Kereta api cepat (dok voaindnesia.com)
Bagikan/Suka/Tweet:

BANDUNG, Teraslampung.com — – Direktur Walhi Jawa Barat, Dadan Ramda menilai megaproyek kereta cepat Jakarta-Bandung dinilai banyak memiliki masalah. Dadan khawatir proyek ini akan menjadi bumerang bagi kelestarian lingkungan dan kehidupan masyarakat terdampak.

Masalah itu, menurut Dadan, antara lain terbitnya Perpres No.107 Tahun 2016 tentang Percepatan Penyelenggaraan Sarana dan Prasarana Kereta Cepat Antara Jakarta dan Bandung.

Tindak lanjut Perpres tersebut berupa kajian Analisis Dampak Lingkungan (AMDAL) yang dipercepat. Kajian ini berpaling dari Undang- undang PPLH 32 Tahun 2009 dan PP No. 27 Tahun 2012 tentang Izin Lingkungan.

“Perpres No.107 Tahun 2015 tidak konsisten dan dibuat dengan terburu-buru,” kata Dadan, Jumat (29/1).

Dadan mengatakan, kajian Walhi Jawa Barat lainnya menunjukkan banyak kekurangan yang ada dalam dokumen AMDAL proyek. Di antaranya Walhi menemukan beberapa data tidak konsisten bahkan tidak valid, tidak ada kepastian lokasi akhir jalur trase,” katanya.

“Contohnya, warga Desa Tegalluar Kabupaten Bandung mengeluh tidak mengetahui daerahnya akan menjadi stasiun akhir.

Selain itu, data panjang lintasan jalur trase yang berubah-ubah. Belum lagi kebutuhan energi listrik untuk menggerakan kereta cepat sangat besar.

Walhi memperkirakan, kereta cepat membutuhkan listrik sebesar 9 MW – 10MW.

Penggunaan listrik sangat besar ini akan memicu peningkatan emisi karbon yang mencemari udara. Karena sumber energi listrik di Indonesia masih dipasok dari energi fosil seperti batubara.

Walhi juga menemukan dokumen AMDAL tersebut tidak mencantumkan kesesuaian dengan RTRW Kabupaten dan Kota yang terkena proyek. Izin-izin yang belum terlampir pada dokumen AMDAL di antaranya Izin Lokasi, Izin Pemanfatan Sungai, serta kesepakatan kesanggupan pengadaan listrik oleh PLN.

Berdasarkan termuan tersebut, kata Dadan, pemerintah pusat dinilai angkuh dan sengaja mengesampingkan pengelolaan dan perlindungan lingkungan hidup.
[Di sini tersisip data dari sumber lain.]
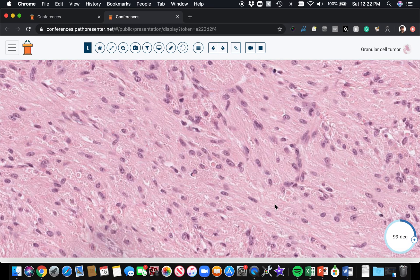The other thing it has are these little blobs that kind of have a crack around them that separates them from the rest of the cytoplasm. These are called pustulo-ovoid bodies. So this is a classic example of granular cell tumor.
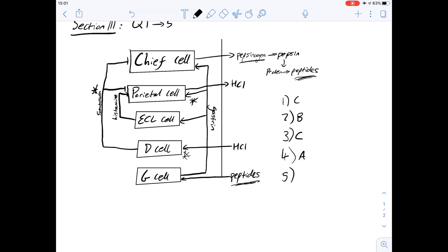Option B is the D cells, and we can see that the D cells don't have any positive feedback because they release something that's inhibitory — somatostatin only has an inhibitory effect on the chief cells and the parietal cells, so it doesn't act on the D cells. If we look at the parietal cells, HCl goes on to act on the D cells, inhibiting their actions, so that's negative feedback, not positive feedback. And D is none of the cells shown in the figure is affected by positive feedback — which isn't true because the chief cells are. So the answer has to be A.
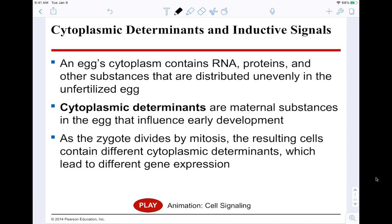Cytoplasmic determinants are maternal substances in the egg that influence early development. An egg's cytoplasm contains RNA, proteins, and other substances distributed unevenly in an unfertilized egg. As the zygote divides by mitosis, the resulting cells can contain different cytoplasmic determinants because they are unevenly distributed. So you get a differential in gene expression because you have different determinants in each of the newly created cells after mitotic division.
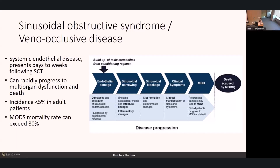Now discussing less common but more severe complications. Sinusoidal obstructive syndrome, also known as veno-occlusive disease, is a systemic endothelial disease presenting days to weeks following stem cell transplant with potential to rapidly progress to multi-organ dysfunction and death. The incidence in adult patients is less than 5%; however, for patients who progress to multi-organ dysfunction syndrome, mortality can exceed 80%. The pathophysiology is thought to be related to a buildup of toxic metabolites from the conditioning regimen causing endothelial cell damage, sinusoidal narrowing, blockage from clot formation, and prothrombotic changes.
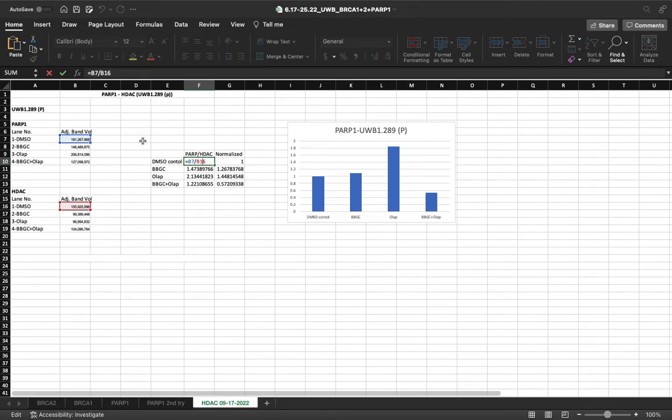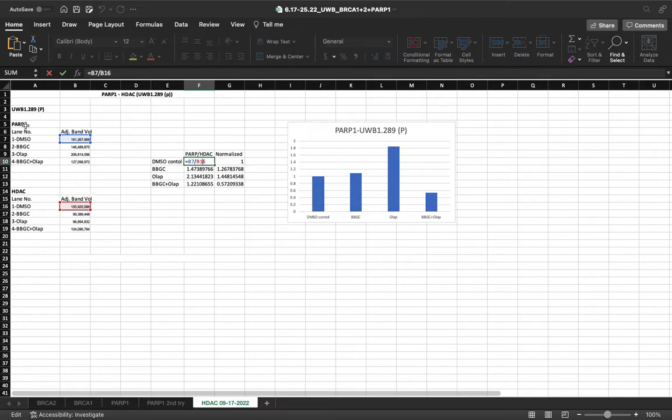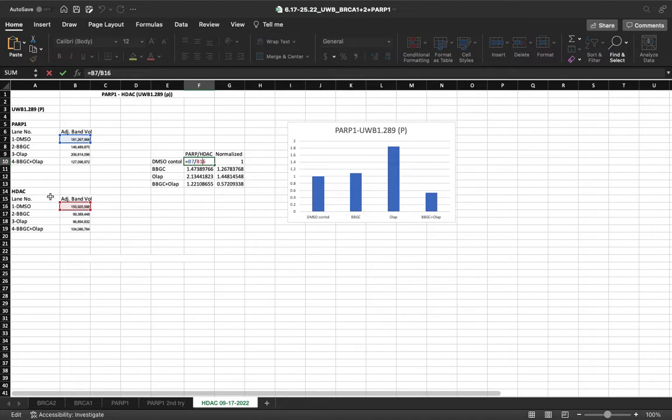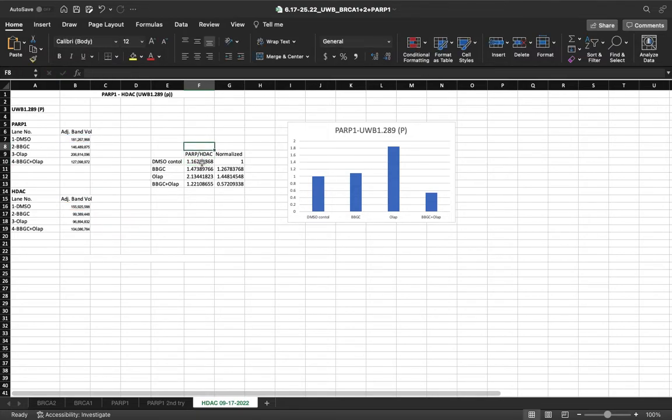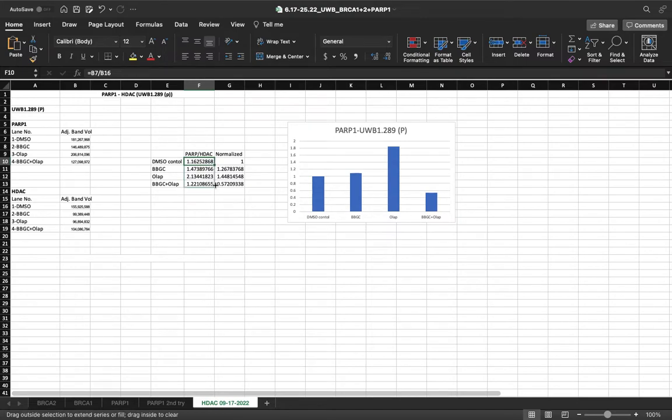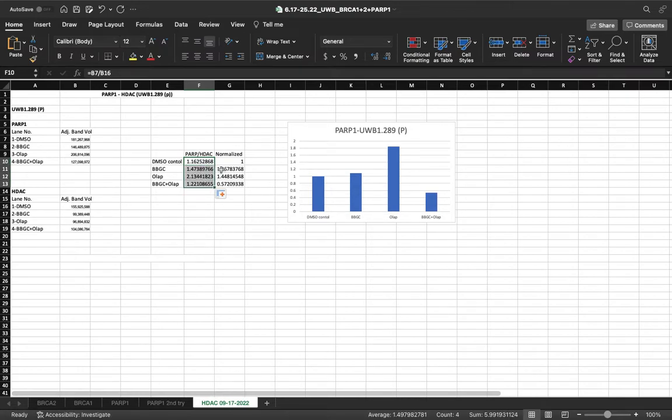Here's an example. All you have to do is take the adjusted band volume of the experimental protein and divide it by the loading control. So this is B7 divided by B16. Once you've done it once, you can take that formula and just drag it down from the green square. So, it's already been done.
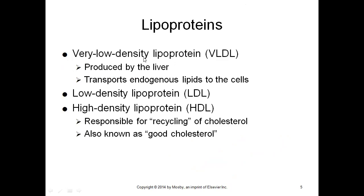There are different types of lipoprotein. Very low-density lipoprotein is called VLDL. VLDL is produced by the liver and transports lipids to the cells. The other one is low-density lipoprotein or LDL. LDL is really dangerous for your heart because it transports bad cholesterol from peripheral tissue and causes atherosclerosis. High-density lipoprotein is HDL.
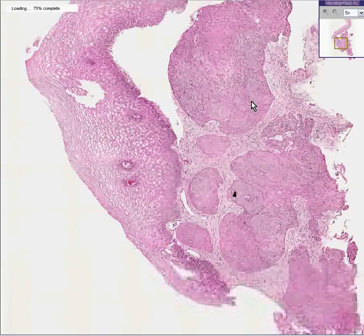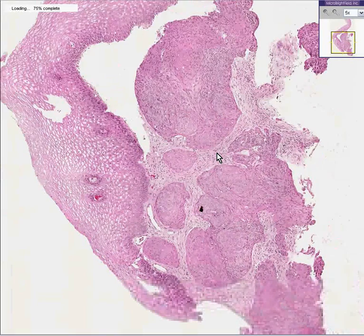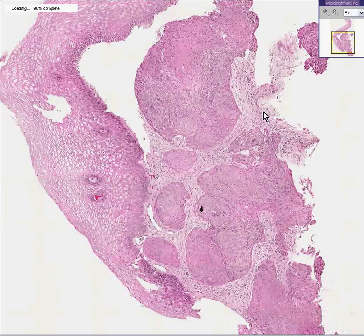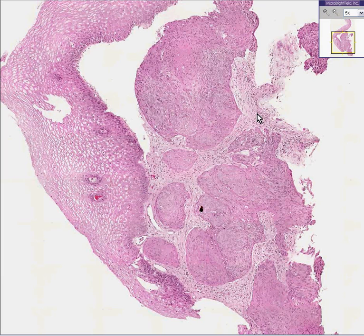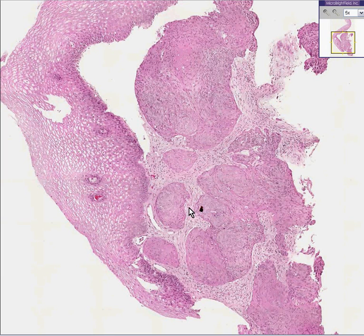First of all, there are no normal columnar or glandular epithelial structures in the underlying tissue. That's number one. Often with squamous metaplasia, you could see these squamous cells replacing some of them, or maybe some of them are still there.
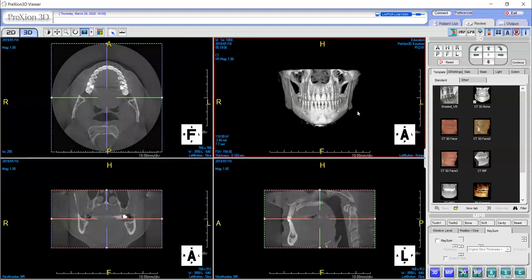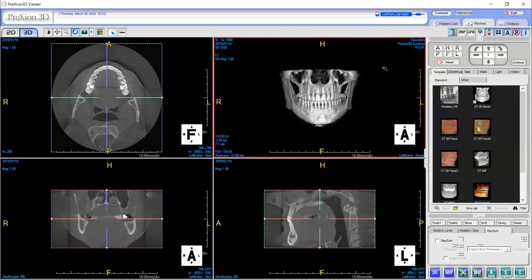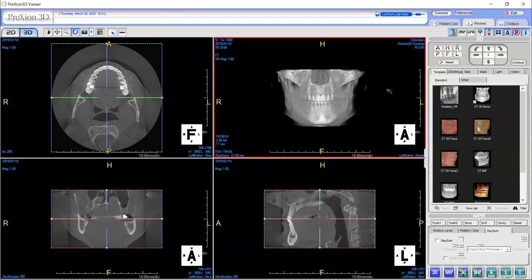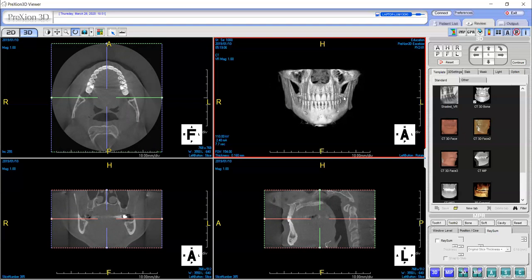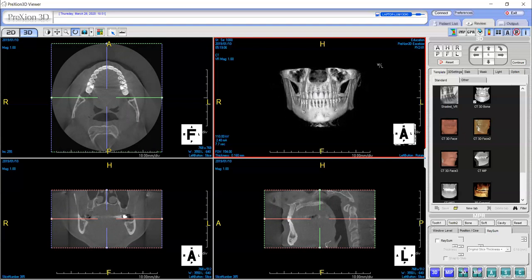If we use that same function on our 3D image — hold down both the right and left click of the mouse and move up and down — you'll notice it goes into a tissue view, and if I move up it goes back to bony. This function can help minimize some of the scatter that you may experience from metal restorations that patients may already have in place. That is the window level function.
“Pemerintah abai terhadap penegakkan hukum lingkungan hidup,” tandasnya.

Pemerintah pusat juga dinilai tidak konsisten terhadap RPJMN yang telah dirancangnya sendiri. Sebab, proyek kereta cepat dianggap menyimpang dari yang direncanakan dalam Rencana Pembangunan Jangka Menengah Nasional (RPJMN) 2015 – 2019.